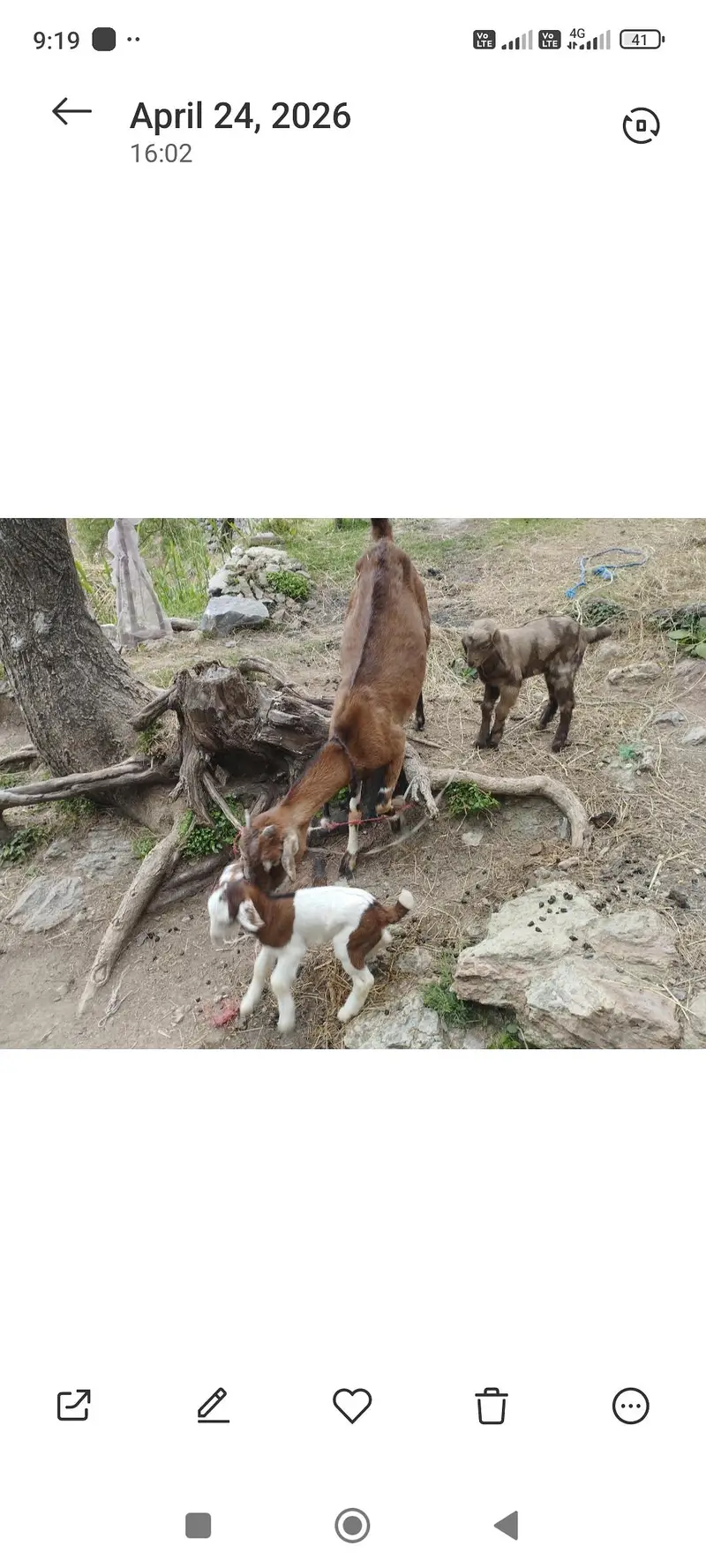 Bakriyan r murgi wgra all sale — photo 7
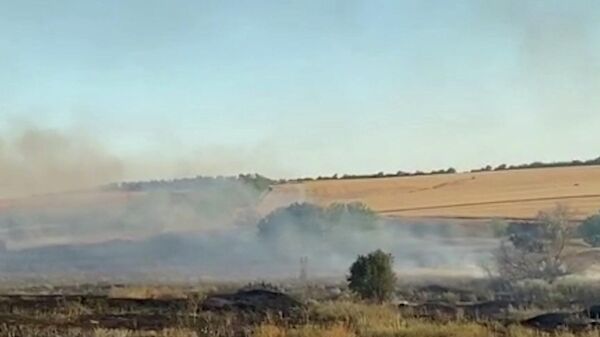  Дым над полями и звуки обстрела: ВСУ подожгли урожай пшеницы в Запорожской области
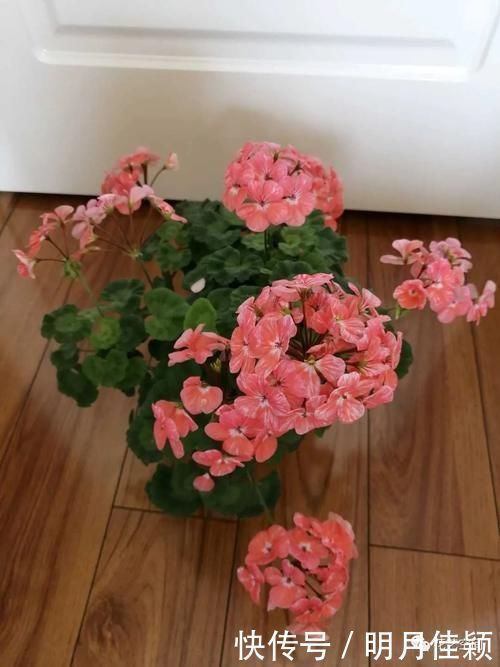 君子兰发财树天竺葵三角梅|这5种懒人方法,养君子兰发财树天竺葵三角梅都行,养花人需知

• _What the exercise asks_: Would you please copy the listing exactly, omitting every picture?

• _Answer to this problem_:
 Bakriyan r murgi wgra all sale — photo 7
  Дым над полями и звуки обстрела: ВСУ подожгли урожай пшеницы в Запорожской области
 君子兰发财树天竺葵三角梅|这5种懒人方法,养君子兰发财树天竺葵三角梅都行,养花人需知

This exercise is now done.